Not all writers saw much good in human beings. All these darker writers served a good purpose in helping the world see that good and evil are never pure and that living well means making moral choices every day:

● Edgar Allan Poe (1845) lived on the dark side of madness and evil with stories like “The Fall of the House of Usher” and poems like “The Raven.”

● Nathaniel Hawthorne wrote The Scarlet Letter (1850), about a woman who had a secret affair with a minister, bore his child out of wedlock, and had to wear a scarlet A for adultery.

● Herman Melville’s Moby-Dick (1851), one of the greatest American novels, tells the story of a sea captain’s obsessive hunt for a great white whale.

Painting began to show the beauty of the American landscape. The Hudson River School, active from 1850 to 1875, painted dramatic American landscapes, especially featuring the Hudson River area in northern New York. This movement made more people stop to appreciate the wonders of nature.

Question: What was the Hudson River School of painting?

Answer: The Hudson River School painted dramatic American landscapes, especially featuring the Hudson River area in northern New York.

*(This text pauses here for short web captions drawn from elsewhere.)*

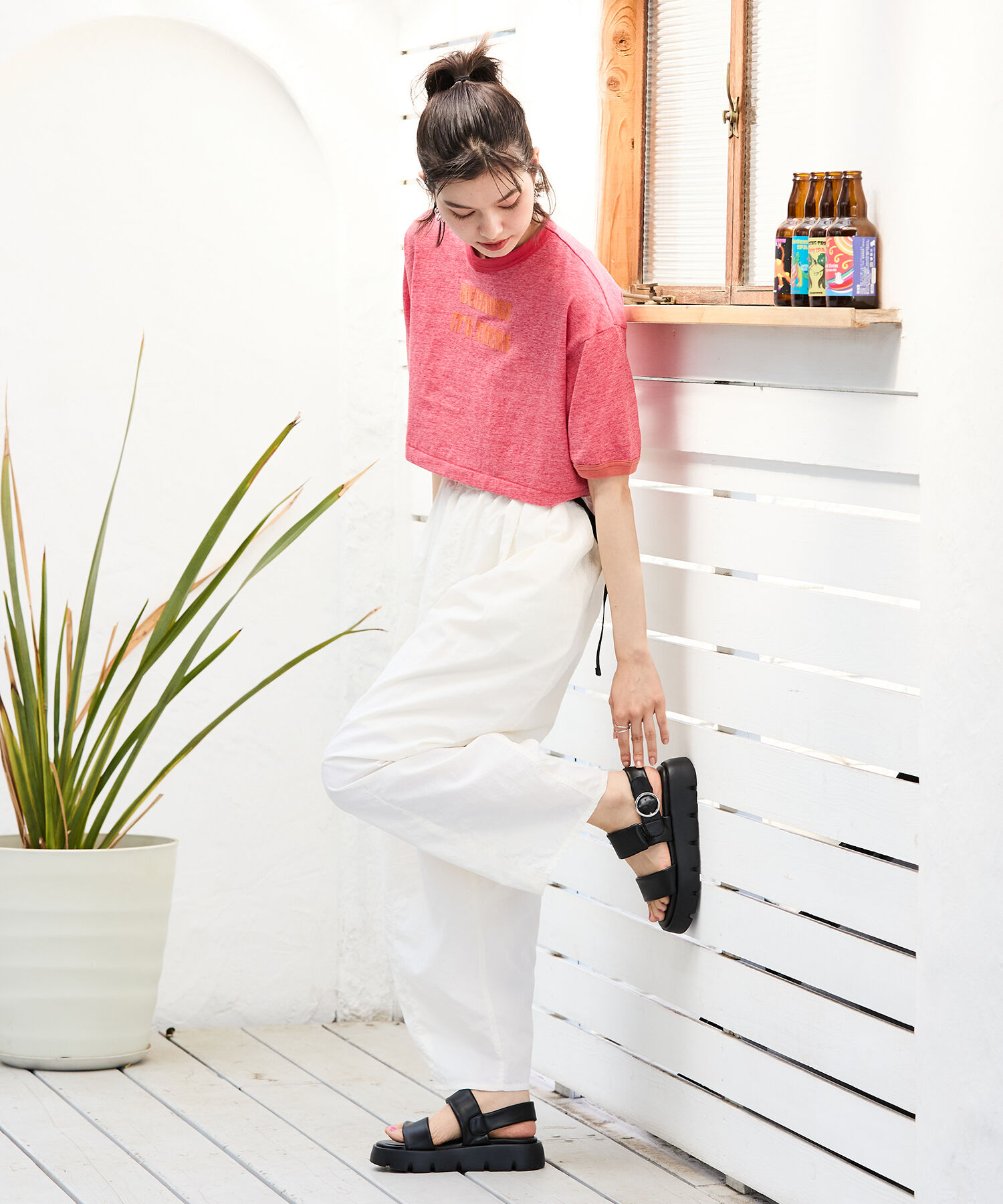 ORiental TRaffic「パデットダブルベルト厚底サンダル/41204」|サンダル|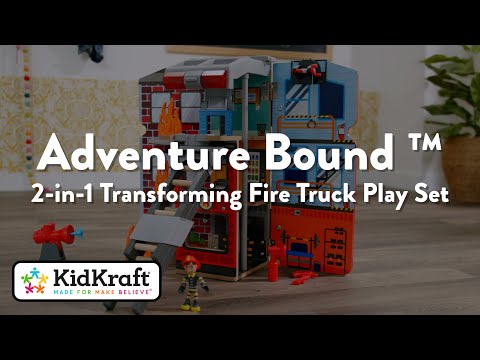 Kidkraft Adventure Bound™ 2-in-1 Transforming Fire Truck Play Set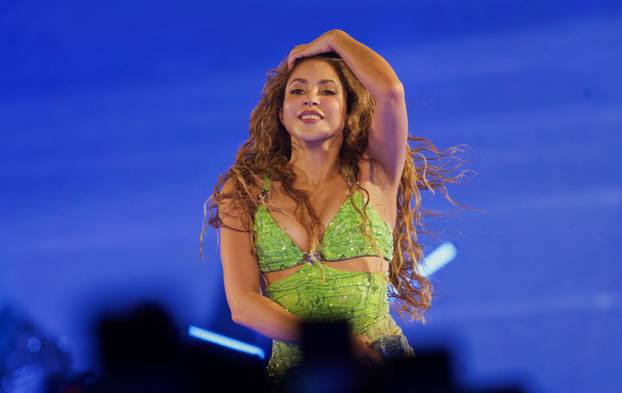 Shakira holds open concert at Copacabana beach in Rio de Janeiro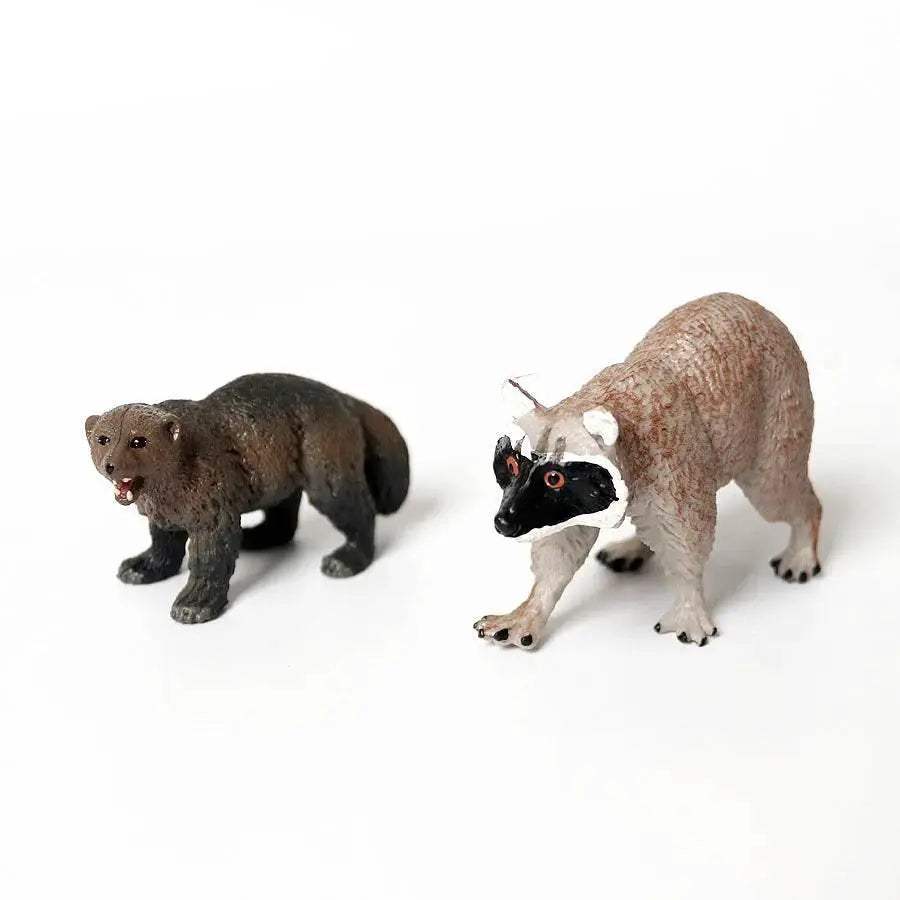 Hand Painted Forest Animal Figures Set For Collectors - ToylandEU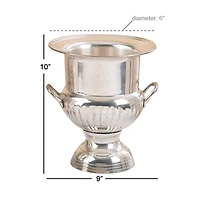 10" Silver Traditional Metal Wine Bucket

Understanding Early Ethnic Group Issues

As a nation started on the ringing words of freedom, the United States was never proud of slavery, even though many of its founding fathers owned slaves. Like a bad habit you mean to give up next year, slavery just kept getting bigger and harder to shake. Opposition to the peculiar institution (as slavery was politely called) grew in the North, which didn’t have any slaves. In the South, it was considered too profitable to be publicly debated.

A similar moral double standard affected grabbing land from American Indians and foreign governments. What started out as 13 states grateful for their own freedom turned into a continent-wide rush for more territory. See Chapters 10 and 11 for more information.

The Indian Removal Act (1830) provided federal assistance to move more than 100,000 American Indians from their ancestral homes east of the Mississippi to the specially created Indian Territory in what’s now Oklahoma. The government was supposed to supply food and transportation help with the forced migration, but many died on the long trek.

In the Trail of Tears (1838), 17,000 Cherokee were forced to travel 1,200 miles to Oklahoma from their homes in Georgia. More than 4,000 of the American Indians died in concentration camps or on the trail itself. In the southern U.S., the Choctaw, Creek, Chickasaw, and Seminole tribes were relocated in addition to the Cherokee. In the north, evicted tribes included the Shawnees, Ottawas, Potawatomis, Sauks, and Foxes. Chief Black Hawk led American Indians back to their homes in Illinois to fight for their land, but they were defeated by the army.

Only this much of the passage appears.